Your main objective, apart from collecting the Plot Devices to get back to Earth, is convincing the locals to stop supplying Fae Rhan's soldiers with food, money, and weapons, thus weakening them when you have to fight them. The combat is, to put it lightly, total ass, and not difficult at all. The hardest thing is not running out of ammo, as the enemies are massive bullet sponges until you weaken them later. On the bright side, the vast majority of enemies do not respawn when killed, but this also means that by the time you've done all the work to cripple their efficacy... They're pretty much all dead. This weakening, by the way, apparently does not apply to the enemies in the final fight. Before this fight, your weapons have been removed, along with all of your ammo. Before this showdown, you are given your weapons back along with an amount of ammo apparently determined by how many sidequests you've done. With around 75% of them finished, I got, uhhh, like 60 bullets for the machine gun and maybe 10 shots for my laser rifle. Cool. Thankfully, the boss seems to have the same one-shot weakness to the flamethrower that the regular enemies have.

Other than the combat, the main issue is that a few of the puzzles are insanely obtuse.
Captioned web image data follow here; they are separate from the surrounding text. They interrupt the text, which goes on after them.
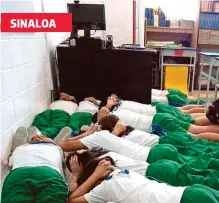  ?? CORTESÍA: ALBERTO AISPURO ?? Maestros de Culiacán pusieron a sus alumnos pecho tierra por una balacera afuera de la escuela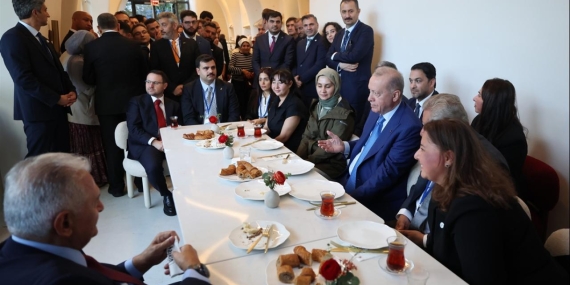 Cumhurbaşkanı Erdoğan New York’ta vatandaşlarla bir araya geldi
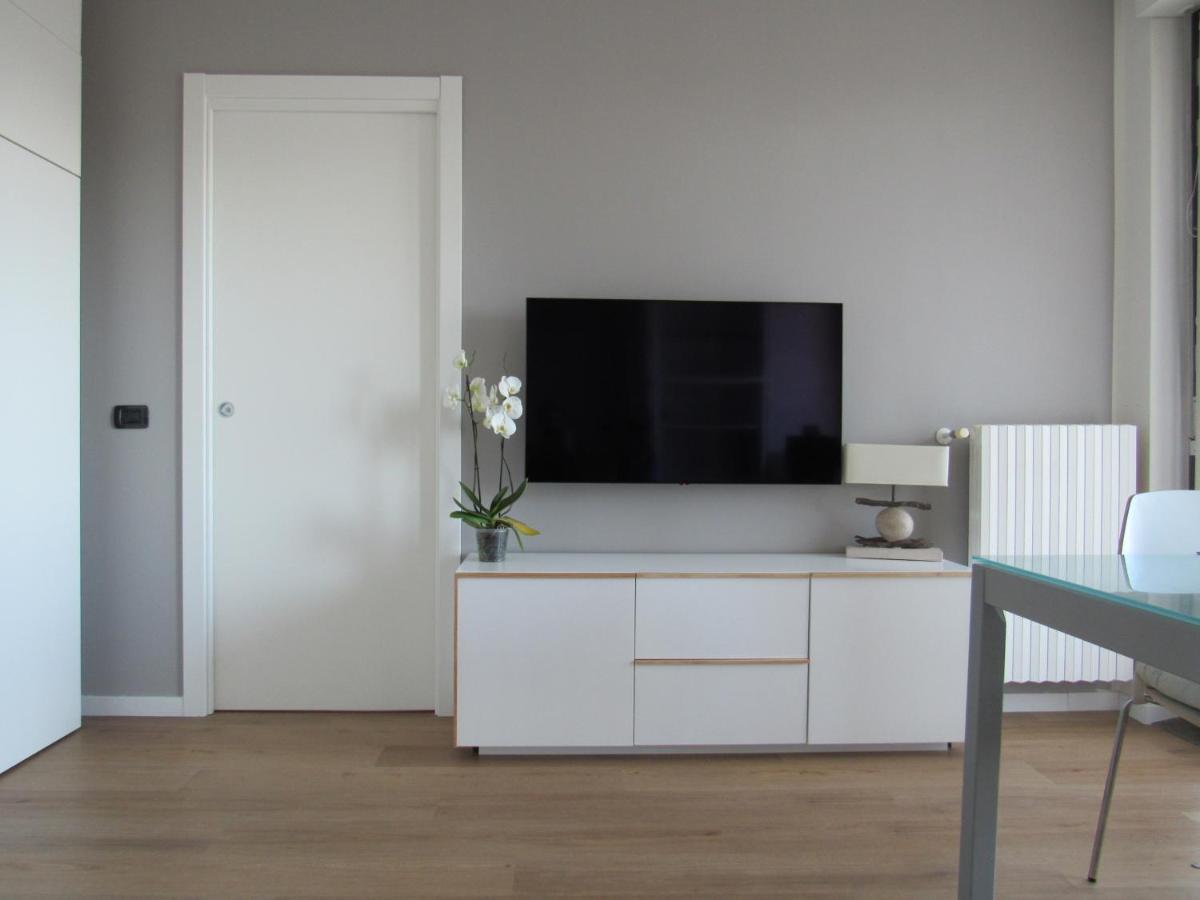 Fiera Milanocity View With Terrace Next To Shopping Mall Apartment ภายนอก รูปภาพ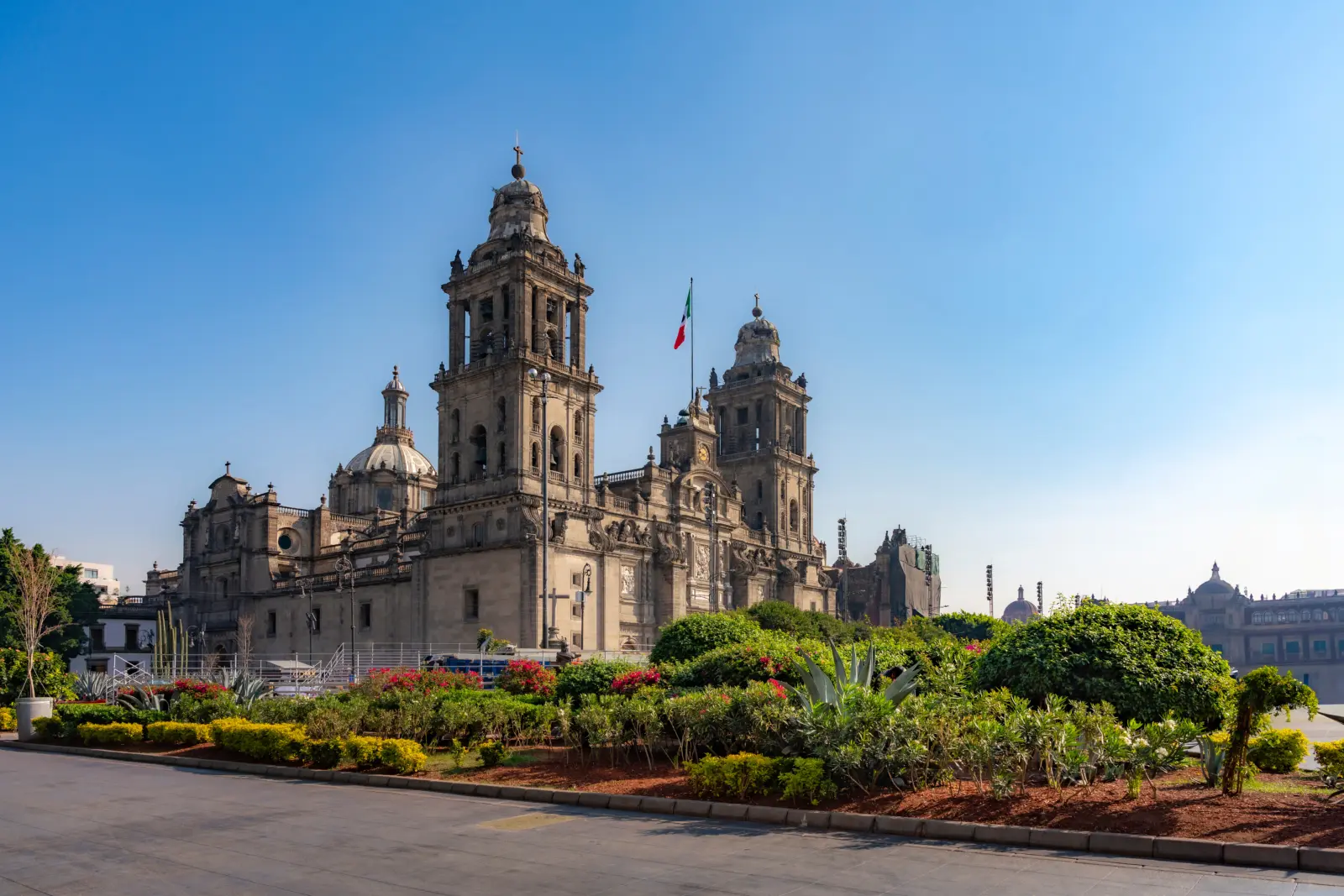 Vue sur cathédrale métropolaine, zocalo, plaza de la constitución à Mexico
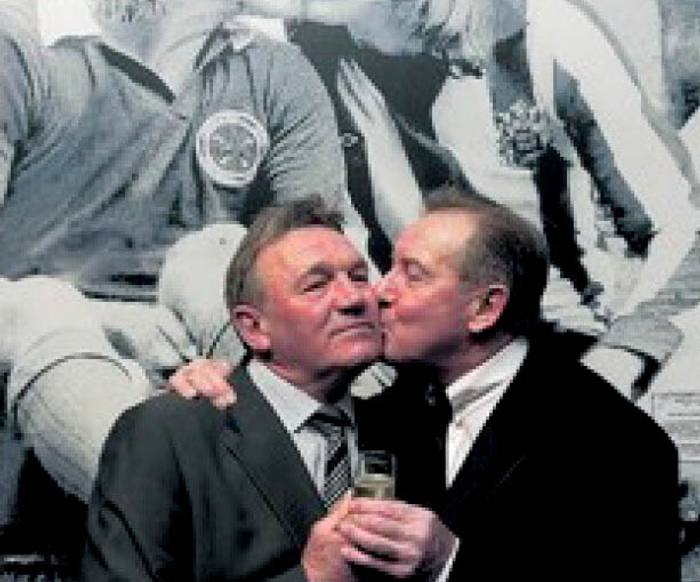 The Currie / Birchenall kiss replay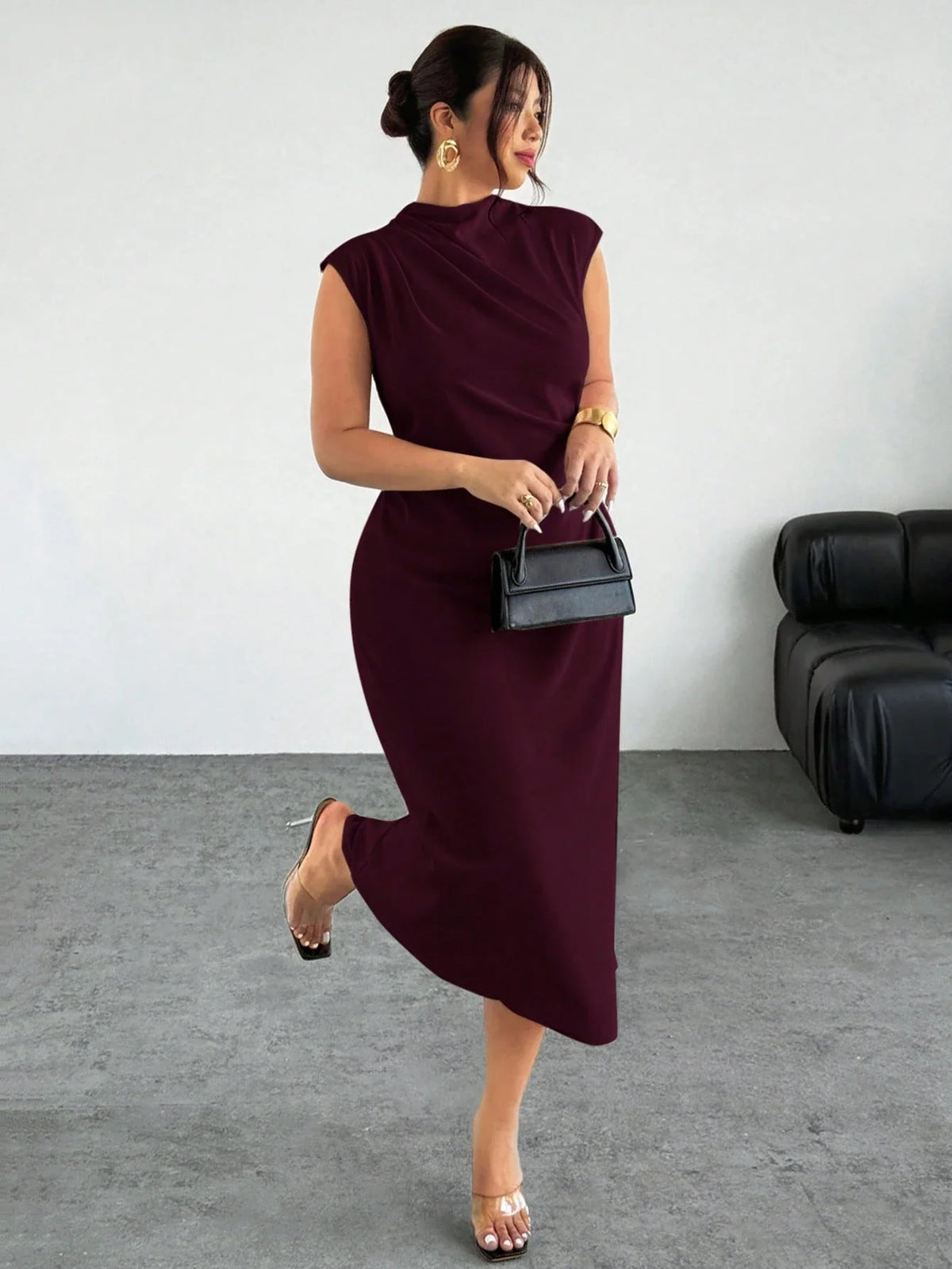 Vestido Plus Size Elegante Social Reto sem Manga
This isn't unique to Outcast, and if anything only proves that it's really a point-and-click adventure game with some combat bolted on. The organ puzzle would not be out of place in a King's Quest game, and the temple puzzle early on is a great example of pre-Gamefaqs games just straight-up telling you the wrong thing to do, because they gotta sell strategy guides and/or keep people from beating them in one weekend. Sometimes key objects are also very difficult to see, which can be worse due to the increased environmental density in Second Contact. The aforementioned organ puzzle is a prime example of that, where the pipe near the dragon-thing was damn near invisible. Items you can pick up are sometimes highlighted by the HUD, but sometimes they aren't. Oh well!

Despite these issues, Outcast interested me enough to see it through to the end. There was a lot of ambition here, and while it doesn't really come together, especially when played in The Year of Our Gorb 2024, I can appreciate what they were trying to do. My feelings on this game are almost a complete mirror of my thoughts on the second: The dialogue is actually much better than the sequel, with Slade being way more of a smarmy asshole, while the sequel's combat is miles better than the first's. The sequel does not have the pixel hunt puzzles of the first, but it has more generic quests in general. Maybe Outcast 3, if it ever gets made, will hit the perfect middle ground.